■ **Dataset content**:
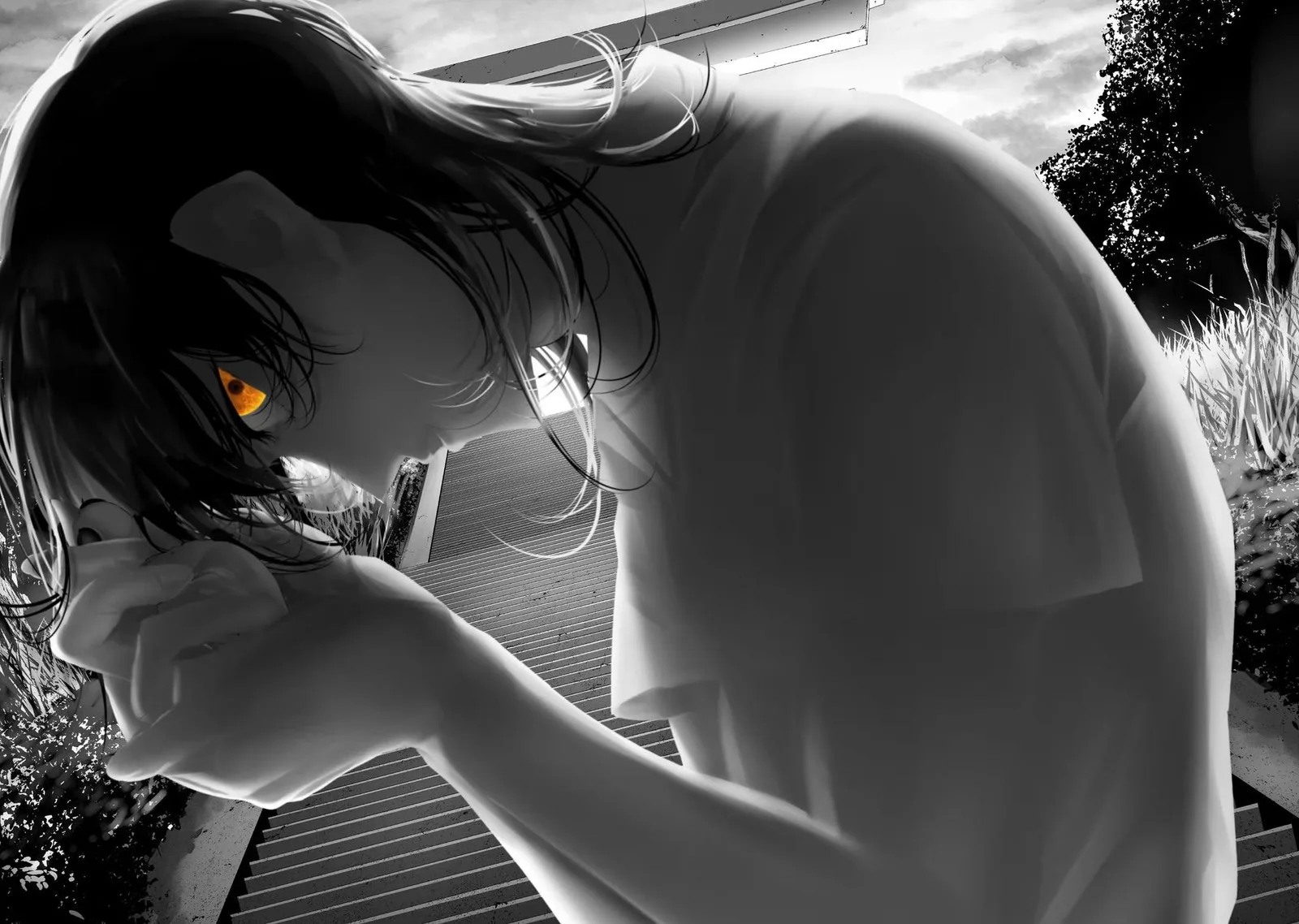Tsurenai Hodo Aokute Azatoi Kurai ni Akai Chapter 25 page 18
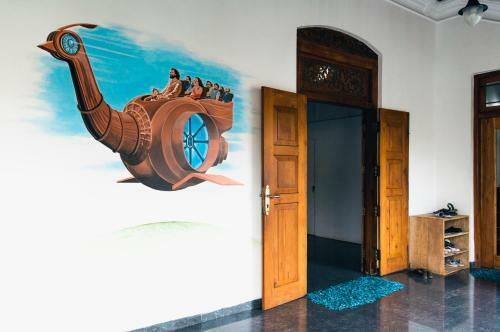 Hostel First @ Colombo Airport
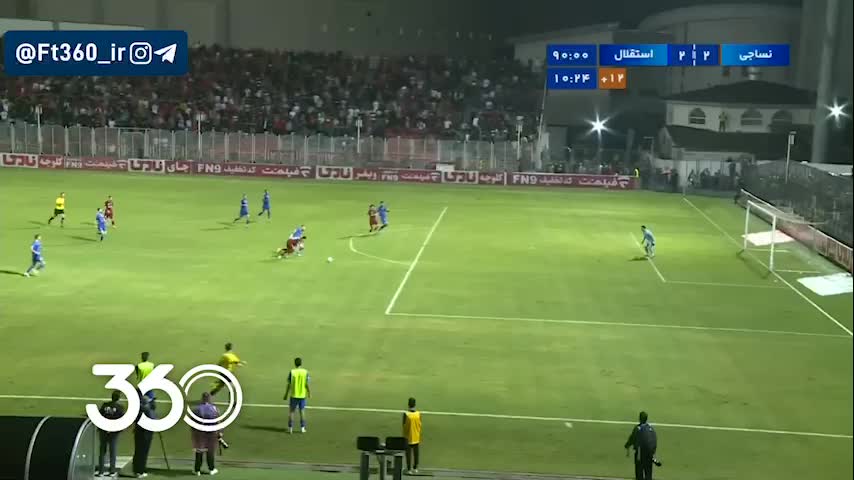   شوک به استقلال؛ روزبه چشمی دربی را از دست داد!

■ **Work instruction**: Nothing but the lines from the one containing "Hostel First @ Colombo Airport" through the last line of the data should appear in the answer, copied exactly, with pictures excluded.

■ **Solved problem**:
 Hostel First @ Colombo Airport
   شوک به استقلال؛ روزبه چشمی دربی را از دست داد!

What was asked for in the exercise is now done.